単にタイトルと表紙がかっこよくてジャケ買いした。
一見、堅苦しそうなタイトルで、難解そうに思えたがそんなことはない。
よくあるビジネス書のような、「こうあるべき、こうしなさい」のような指南書というより、エッセイ集。
「私はこういう考え方をしています」という紹介。いわば、考え方のヒントを与えてくれる本。
本書のあとがきにも、
自分がどういう考え方をしているか、ということを意識するには、ほかの人の型に触れるのが有効である。
とあるように、自分の考え方を見直すきっかけと刺激をくれる一冊となっている。
ボリューム的にも200ページ程度で手軽さが魅力。カテゴリーごとに分かれているので気になった箇所だけをつまみ読みするのもよし。 購入後に知ったことだが、東大、京大の生協でベストセラーにもなっているらしい。
と前置きが長くなったが、気になったカテゴリーをピックアップしつつ、書評という名の感想を。。。。
グライダー
最初の章の、最初の項目であり、著者が本書を通して、一貫と主張していることである。勉強することの本質をグライダーと飛行機に例えて紹介している。
人間には、グライダー能力と飛行機能力とがある。
受動的に知識を得るのが前者、自分でものごとを発明、発見するのが後者である。
学校は、指導者と教科書ありきの受け身の姿勢。独学で知識を得ることができない=自力で飛び上がることができないグライダー人間。まさに、言われたことだけをこなすのは得意なグライダー人間!俺のことか!?
創造に必要なのは、思考という名のエンジンを搭載した飛行機人間。そうあるにはどうすればいいか?創造するには何が必要か?自発的になるには方法は?そんなことのヒント紹介してくれる本となっている。
朝飯前
この「朝飯前」の章は、極論だけど真似したい項目であった。
朝に活動することが効率的ということは僕自身も何となく身を持って感じていた。
例えば、夜書いた文章を翌朝読み返すと、推敲し直すべき箇所がけっこうあったりする。また、夜悩んだ問題も翌朝思考し直すと、あっさり解決策が見つかったりする。
そんな経験則からも朝の方が活動に適していることは承知していた。
朝飯前とは、朝食前にもできるほど簡単という意味だが、著書はこれを、朝食前だからこそ簡単にできると解釈する。
そして朝食を抜くことによって、朝飯前の時間を長く確保する。
朝食兼昼食をとった後は、ひと眠りする。簡易的な昼寝ではなく、布団を敷いた本格的な睡眠だ。
起きた時には自分だけの朝が手に入る。ここでも朝食はとらずに、夕方に朝食兼夕食をとる。

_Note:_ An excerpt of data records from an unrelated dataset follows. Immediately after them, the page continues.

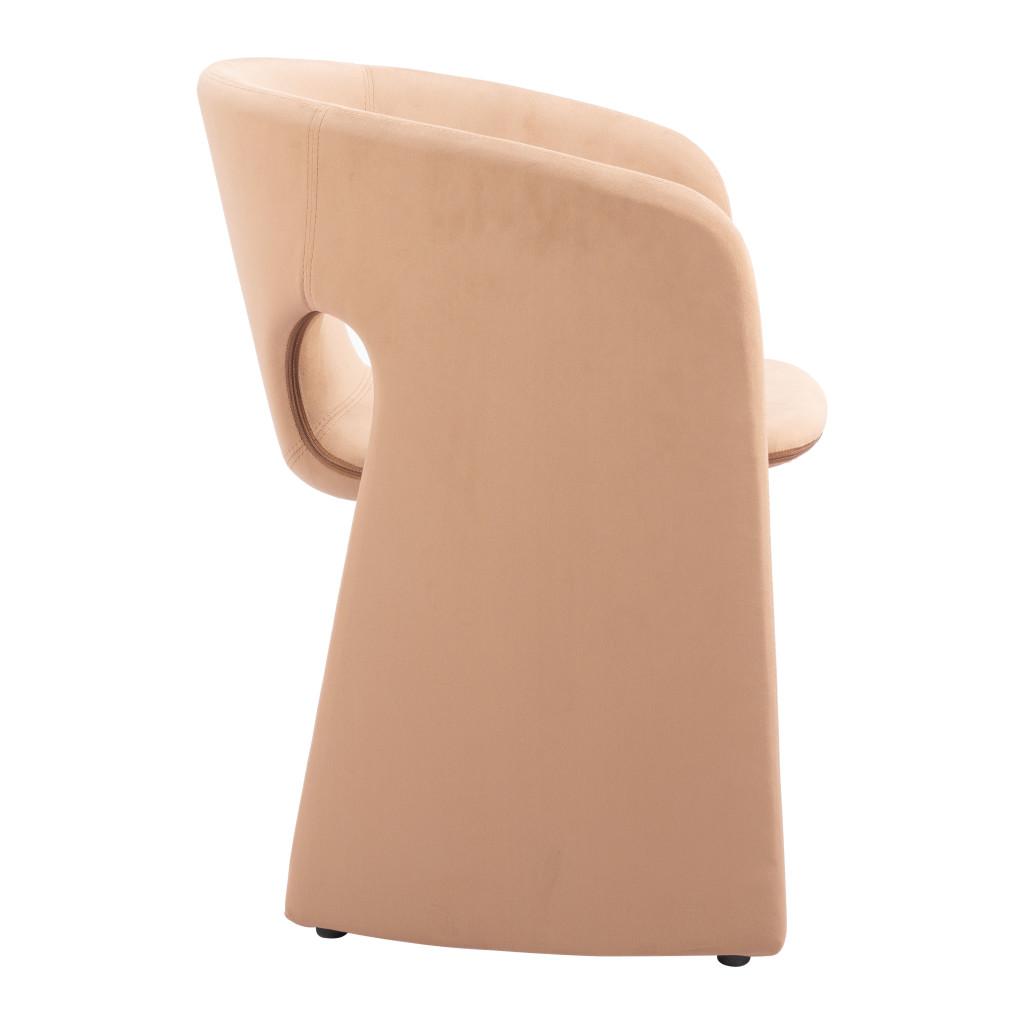 ZUO Rosyth Dining Chair Tan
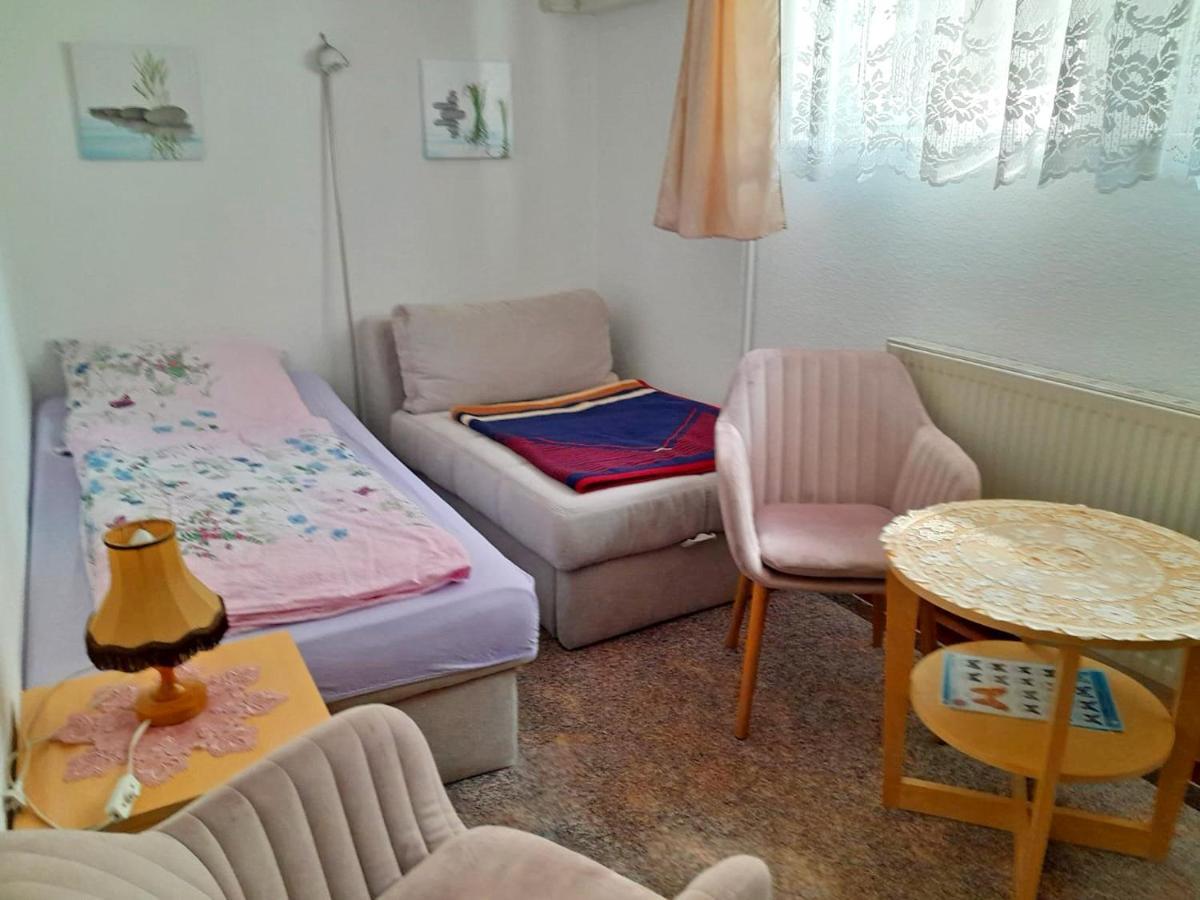 Ferienunterkunfte Zinnowitz Use 2810 Εξωτερικό φωτογραφία
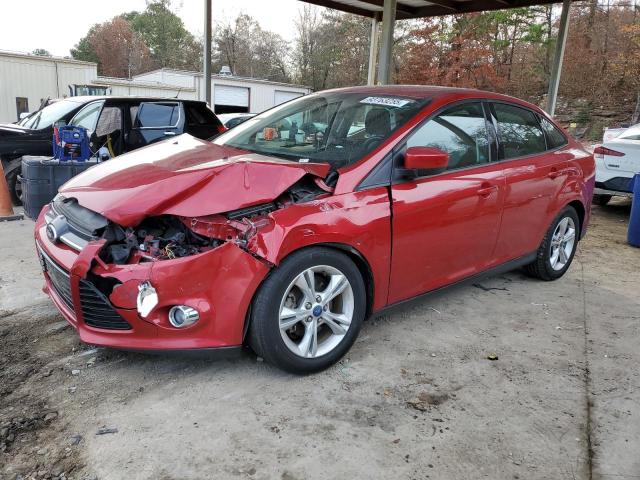 FORD FOCUS 2012 with VIN 1FAHP3F24CL472638 - Photo from auction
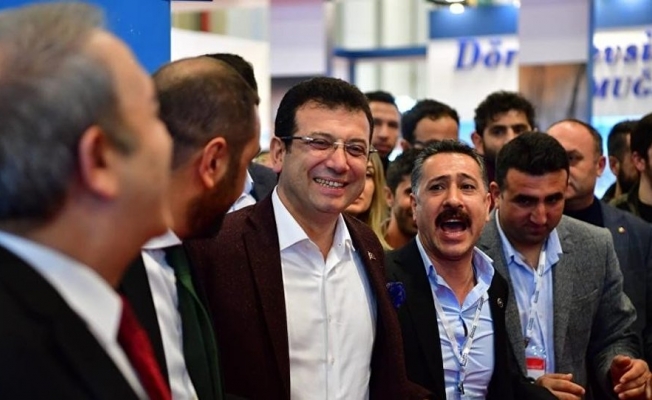 İmamoğlu: Sen bulguru ye, iyileşeceksin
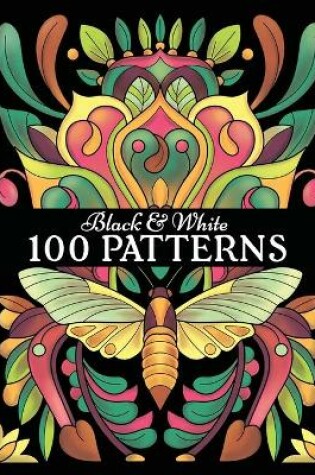 Cover of Black & White 100 PATTERNS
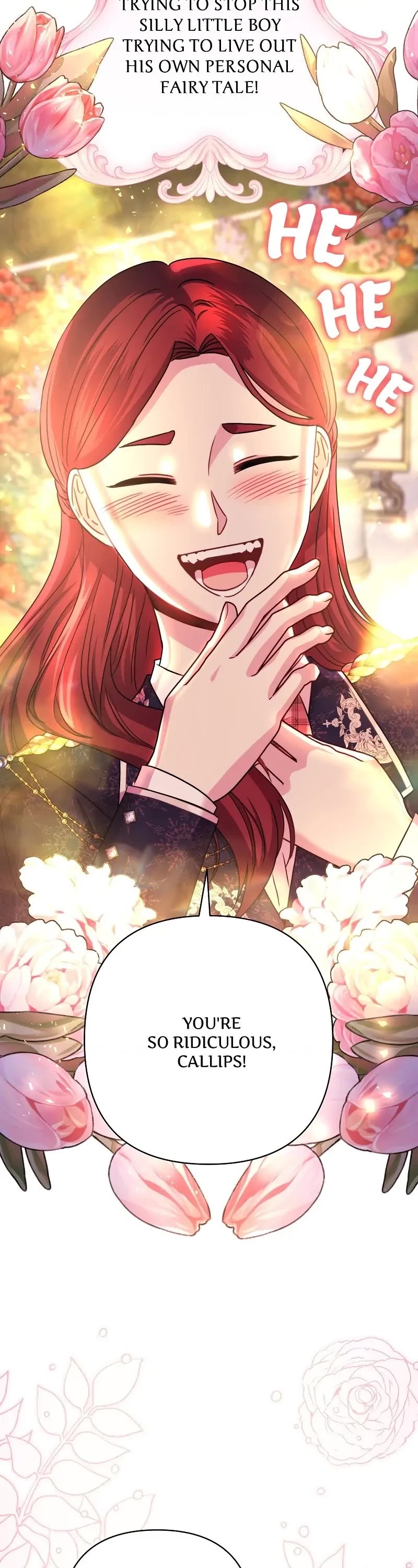 Another Typical Fantasy Romance Chapter 47.7 page 26 - Side Story: Sylvia and Callips (2)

そうすることで、それまでの時間が朝飯前の時間というて活動できるというわけだ。
寝て疲れをとった後+腹に何も入っていない状態こそが、思考に最適な時間だとすれば、これほど効率的なサイクルはない。
一日が二日になっている。
いかがだろうか?ある種、突拍子もない偏屈な考え方だともいえるだろう。けど、好き。
セレンディピティ
Wikipediaによると、
セレンディピティ(serendipity)とは、素敵な偶然に出会ったり、予想外のものを発見すること。また、何かを探しているときに、探しているものとは別の価値があるものを偶然見つけること。平たく言うと、ふとした偶然をきっかけに、幸運をつかみ取ることである。
とある。
日常的にシーンでは、試験前に勉強していて机に向かう。きまぐれに漫画に手がのびる。普段全く興味がなかった漫画だが、読み始めると予想外の面白さに止まらない。ふとしたきっかけで新しい関心の芽がでることは一種のセレンディピティだ。
これに類する経験は誰しもあるのではないだろうか?
中心的関心より、周辺的関心の方が活発に働くのでは?という考えがセレンディピティ現象である。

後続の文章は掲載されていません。